***** Available data

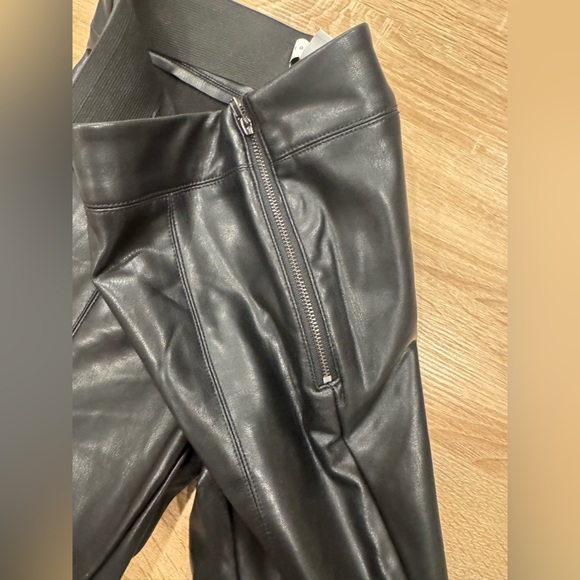 Topshop Black Faux Leather Trousers - Picture 3 of 8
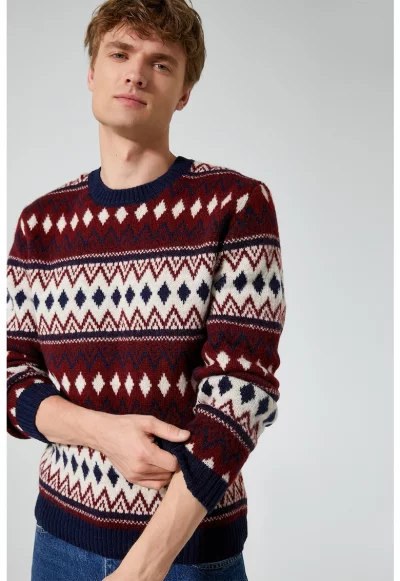 Пуловер с овално деколте и фигурален десен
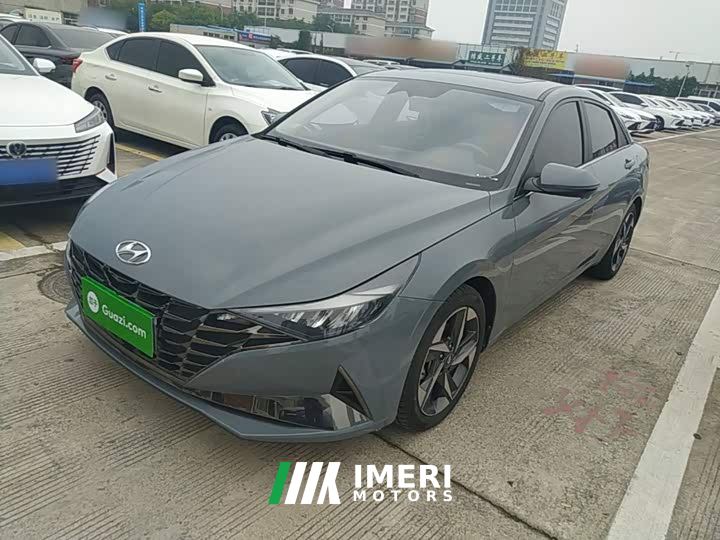 Hyundai Elantra 1.5L CVT Luxury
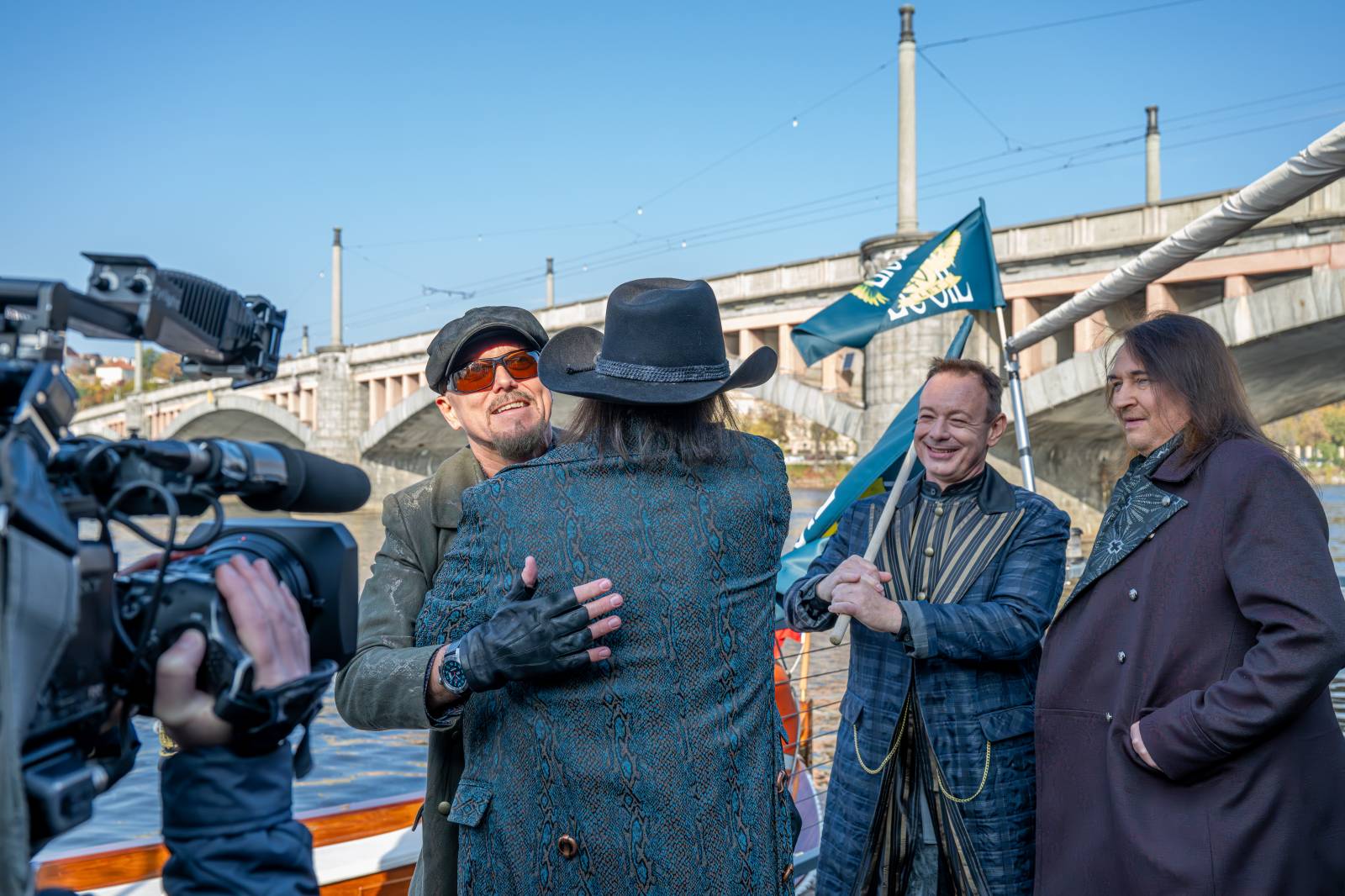 Lucie je zase ve čtyřech. Na lodi v Praze přivítala na palubě Viktora Dyka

**********

**Exercise instructions**.
Exactly the lines running from the one with "Hyundai Elantra 1.5L CVT Luxury" through the end of the listing above must be output, both ends included. No pictures belong in the output.

**Response below**.
 Hyundai Elantra 1.5L CVT Luxury
 Lucie je zase ve čtyřech. Na lodi v Praze přivítala na palubě Viktora Dyka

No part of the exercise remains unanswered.